L'opposition veut se relancer

Les responsables des partis politiques de l'opposition, après la visite du siège du Parti national panafricain (PNP), brûlé, ont fait le déplacement du ministère de la Sécurité pour dénoncer les violences survenues lundi à Sokodé et à Lomé. L'objectif de l'opposition  ? Réclamer que ceux qui ont brûlé le siège du PNP soient punis et déférés devant les tribunaux. Mais voilà, le ministre étant absent, les leaders bloqués devant le ministère ont été finalement reçus par un officiel de ce département ministériel.

En outre, ils ont profité de l'occasion pour mettre en garde le ministre contre toute violence sur les populations lors de la marche de mercredi et jeudi à Lomé pour dénoncer la position de la Communauté économique des États d'Afrique de l'Ouest (Cedeao) dans la crise togolaise.

De ces affrontements survenus lundi et mardi, l'opposition pourrait en tirer un avantage non négligeable.
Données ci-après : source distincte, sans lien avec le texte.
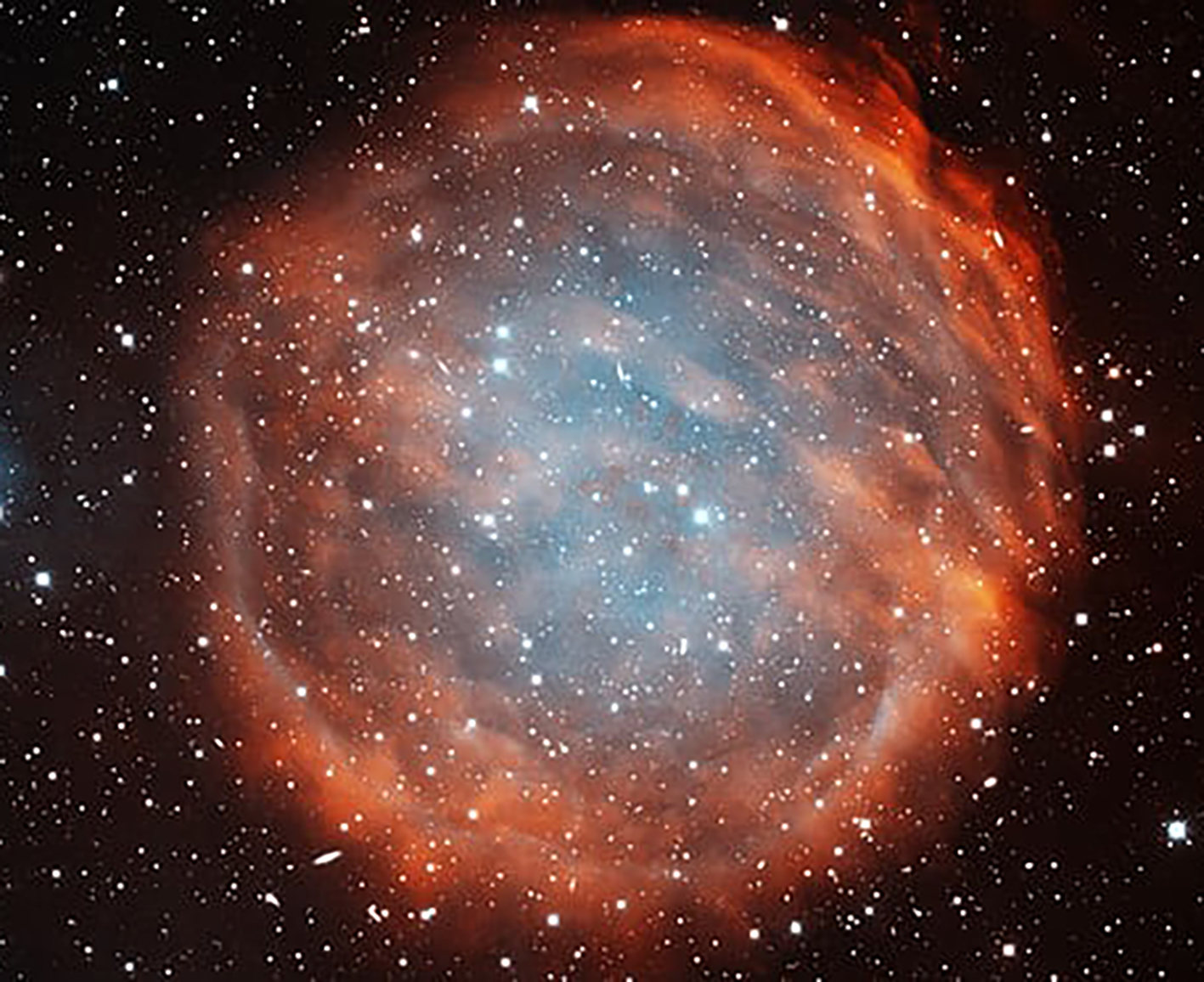 PuWe 1, một tinh vân hành tinh được tạo thành khi một ngôi sao khổng lồ đỏ bị thổi bay lớp vỏ ngoài vào cuối vòng đời. Nguồn: TheGuardian.com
En effet, elle s'est faite discrète ces derniers temps, se concertant pour savoir la marche à suivre. Et aussi divisée en son sein, selon plusieurs sources. Une partie voudrait aller plus loin et plus vite, c'est-à-dire obtenir gain de cause de manière plus radicale, en poussant le président Faure Gnassingbé au départ coûte que coûte. Et l'autre partie voudrait trouver une nouvelle manière d'obtenir ce même résultat, mais peut-être en dialoguant  ? Alors qu'elle organise des manifestations mercredi 18 et jeudi 19 octobre, l'opposition pourrait retrouver un second souffle, et pourquoi pas reprendre la main, alors que la présidence semble avoir un temps imposer son tempo avec sa volonté manifeste d'aller au référendum avec l'appui d'organisation comme le Cedeao et l'OIF.